George and Lizzie have a meet-cute at a bowling alley when Lizzie and George are both students at the University of Michigan, Lizzie as an undergraduate, George as a dental student. Lizzie is nursing her wounds after the end of a relationship she thought was "the one," so she had no expectations of meeting anyone else, but George was instantly smitten. And Lizzie? Well, Lizzie was certainly fond of George...
As their relationship blossoms, Lizzie knows that George isn't really what she wants, but she doesn't seem to have the strength to object. While their different philosophies on love, relationships, and marriage cause friction, George knows he wants to spend the rest of his life with Lizzie. It isn't quite what she wants, but she doesn't know what the alternative really is. Is it settling if she loves George but feels unfulfilled?
George and Lizzie follows the couple through their first 10 years of marriage, until a long-hidden secret of Lizzie's surfaces, forcing her to finally decide what path she wants to follow. In the meantime, the book shifts back and forth between the two, and also shifts back and forth through both of their lives, detouring all over the place to briefly profile other people who have a peripheral role in the story. Sometimes the chapters serve more as vignettes than anything that actually advances the plot.
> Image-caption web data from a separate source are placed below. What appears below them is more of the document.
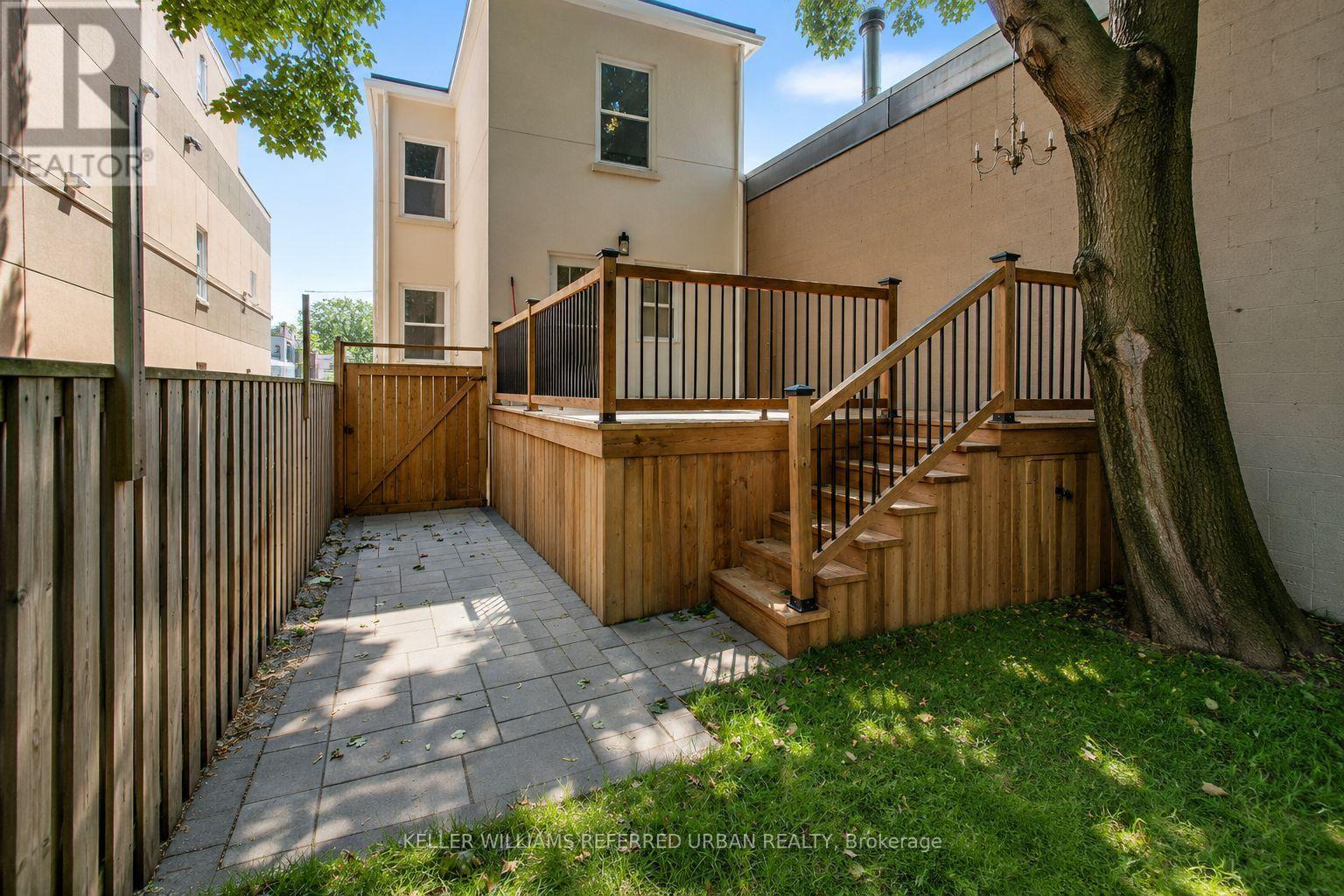 968 Eastern Avenue, Toronto (greenwood-coxwell), Ontario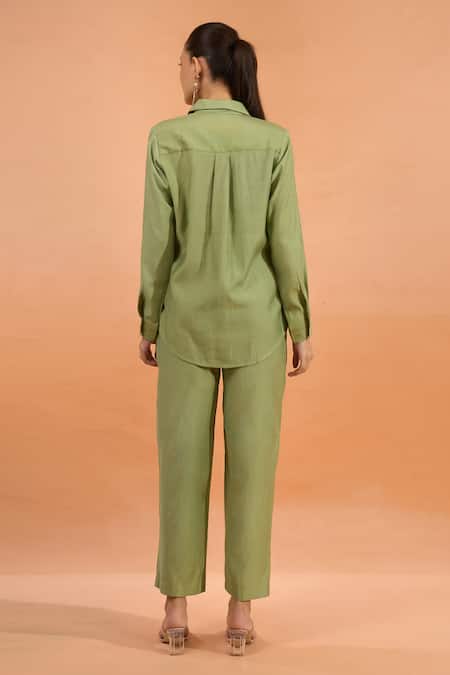 Naintara Bajaj Embroidered Kurta & Pant Set 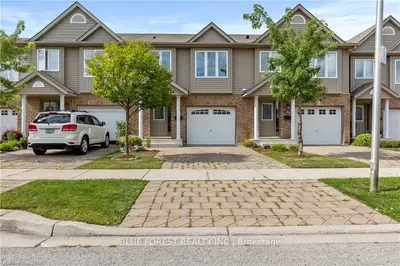 1556 Mickleborough Drive 9, London North, On N6g 5r9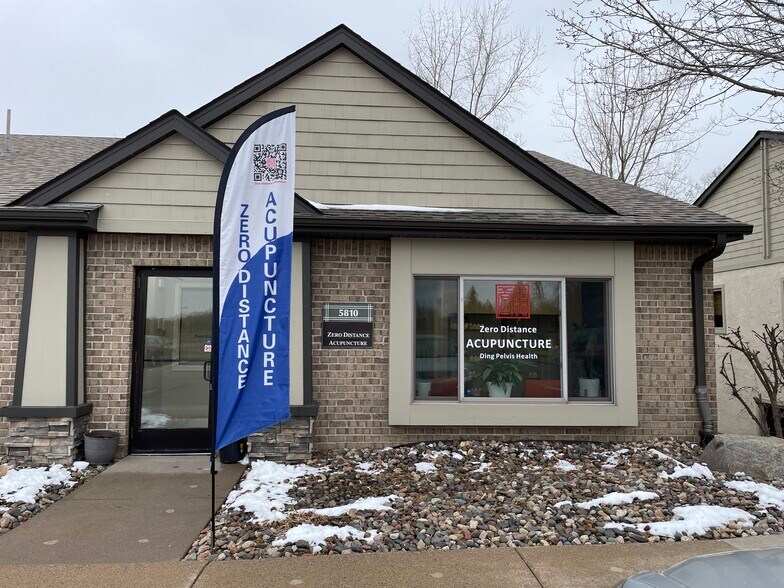 More Photos Of 5810 Blackshire Path, Inver Grove Heights Office Residential For Lease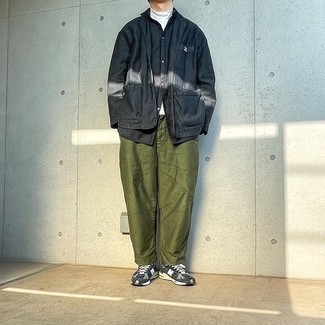 Какие пиджаки носить с белой водолазкой мужчине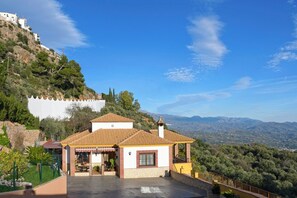 Our house is at walking distance from Comares.
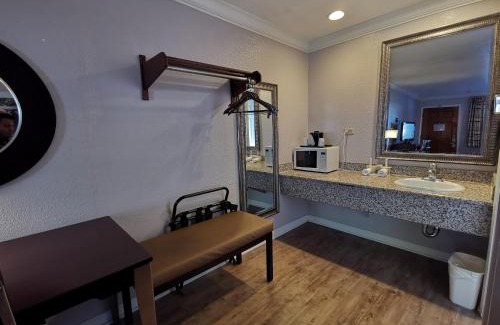 Woodland Hotel | Journey Inn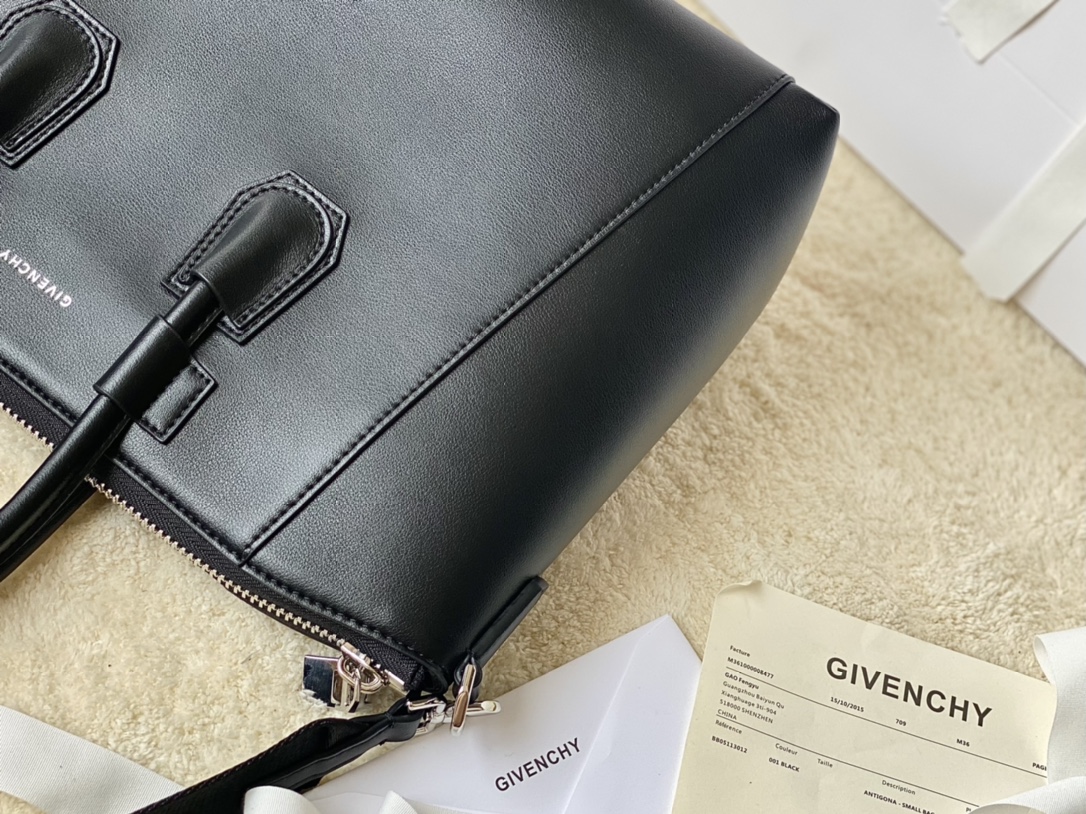 Givenchy Antigona Sport -33*7*25CM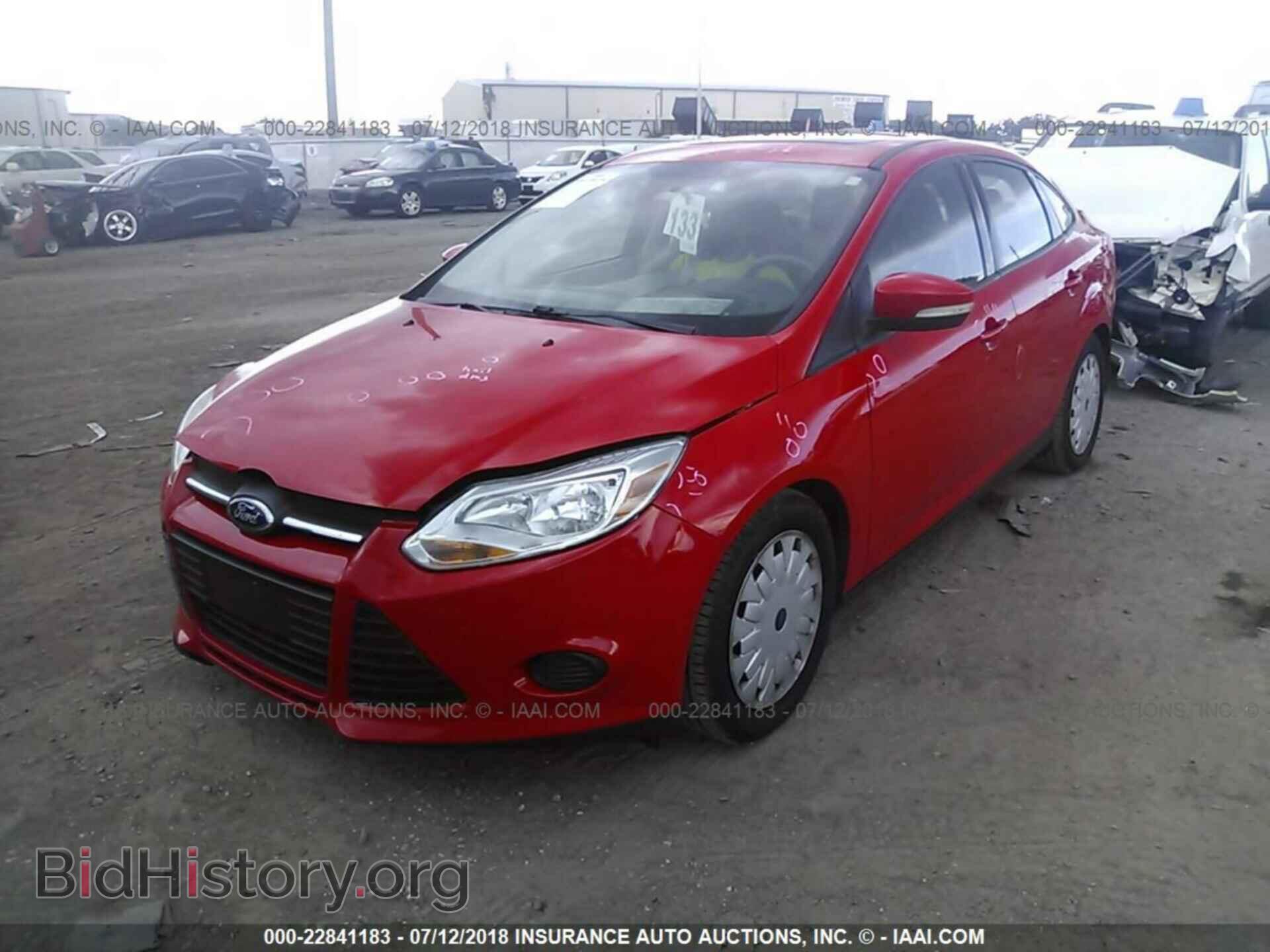 2013 Ford Focus - VIN: 1FADP3F23DL182584 - Photo 2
Nancy Pearl, who is a books commentator for National Public Radio, definitely knows how to tell a story. Parts of the book are entertaining, even funny, while others are poignant and thought-provoking. But in the end, I found Lizzie really unlikable and couldn't understand why anyone, much less someone like George, continued to want to be with her. At one point in the book he tells her that she is the most self-centered person he's ever known, and another time he says that she has the emotional maturity of a young child. While some of that can be attributable to her odd childhood, she doesn't do much to break out of that rut as an adult, and continuing to cling to old memories and regrets, while understandable, doesn't make her a particularly sympathetic character.
There's still a good story in here, but it requires more patience, as well as work to unearth it, than most books do.
NetGalley and Touchstone provided me an advance copy of the book in exchange for an unbiased review. Thanks for making this available!